Mr. Fairchild to Mr. Blaine.
San Ildefonso, July 22, 1881. (Received August 13.)
Sir: Referring to your instruction No. 148, I have the honor to report that in my interview of the 19th instant I asked the minister of state (unofficially) if His Majesty the King had been invited to act as arbiter on the question of the boundary-line between the Republic of Costa Rica and the State of Panama. His excellency replied that as yet the King had not been invited to act in such capacity, and further that the government had no information on the subject other than that obtained through the press.
I then said to him that in the event of an invitation being received I would be greatly obliged if he would kindly inform the legation, in order that it might be able to submit to him the views of the United States on the subject—being careful, at the same time, to assure him that the United States entertained no objection whatever to His Majesty acting as arbiter, but that as the United States had not been consulted in the matter of the negotiation of the convention between Colombia and Costa Rica providing for the proposed arbitration, as it had the right to be, under Article XXXV of the treaty with Colombia of December 12, 1846, it deemed it proper, in order to avoid any future misunderstanding which might arise between the two governments, that His Majesty [Page 1063] should be fully and frankly informed of its views upon the subject.
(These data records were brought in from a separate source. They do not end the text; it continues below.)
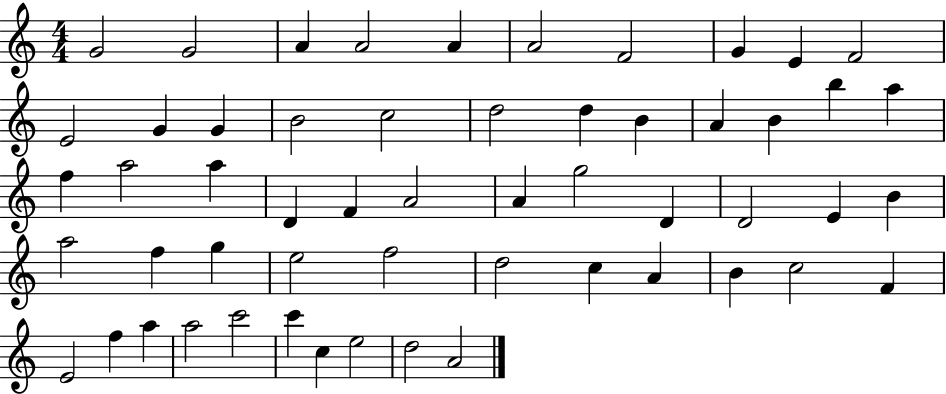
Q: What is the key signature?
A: C major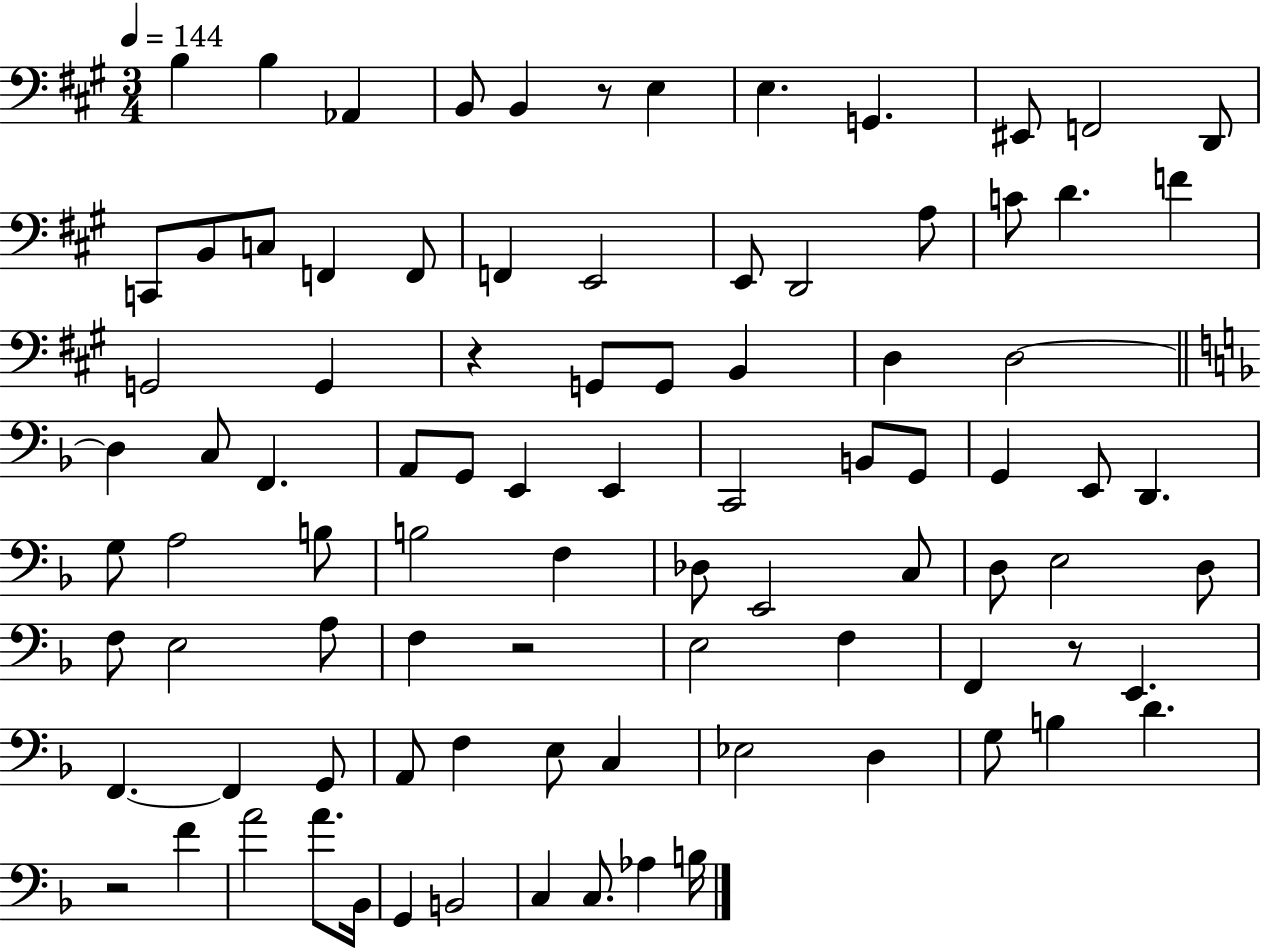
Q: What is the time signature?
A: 3/4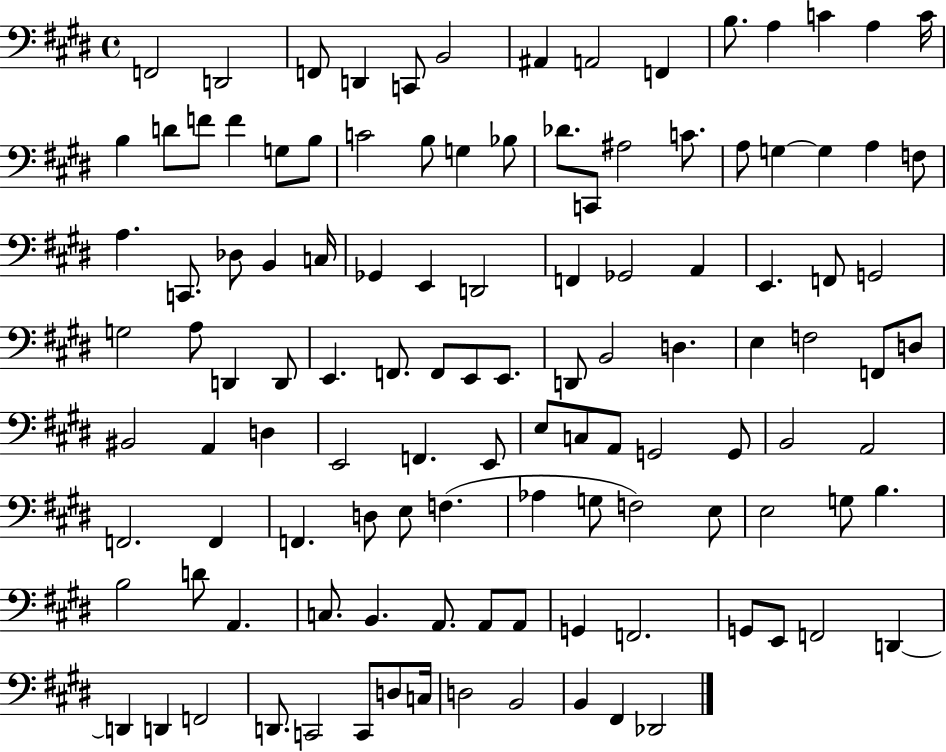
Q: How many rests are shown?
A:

His excellency replied that he did not see how he could very well inform the legation in the event of an invitation being received, suggesting that it would seem more proper to have the information proceed from Washington.
The matter will be closely watched by the legation, and should it ascertain at any time, for a certainty, that such an invitation has been received, will at once communicate to the minister of state the substance of your instruction.